> [Assignment]
Leave out every picture and set down, exactly, the lines below from the one holding "Set of five" up to and including the one holding "a swimming pool".

> [Records shown]

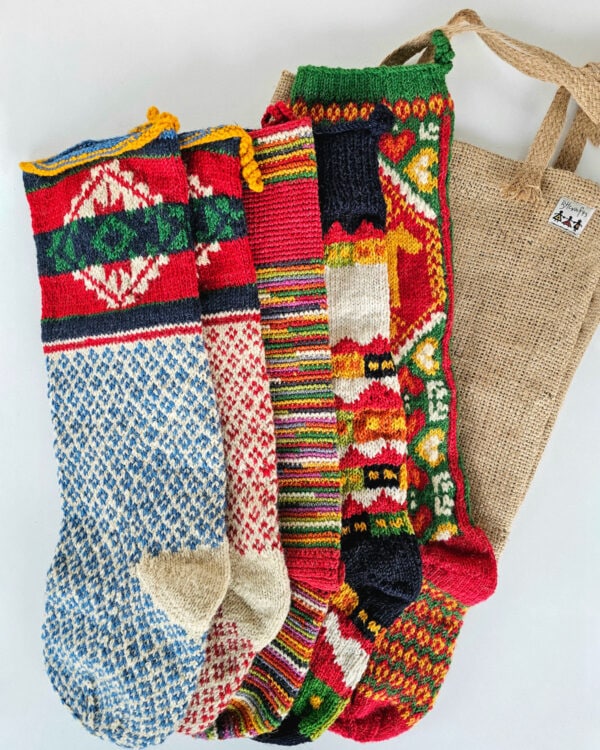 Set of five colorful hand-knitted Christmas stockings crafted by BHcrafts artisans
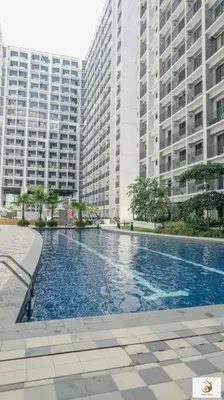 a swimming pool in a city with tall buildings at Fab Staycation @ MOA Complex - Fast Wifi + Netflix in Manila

* * *

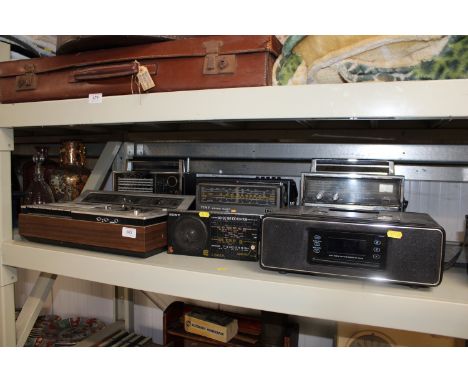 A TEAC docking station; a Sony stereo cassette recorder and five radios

> [Exercise output]
 Set of five colorful hand-knitted Christmas stockings crafted by BHcrafts artisans
 a swimming pool in a city with tall buildings at Fab Staycation @ MOA Complex - Fast Wifi + Netflix in Manila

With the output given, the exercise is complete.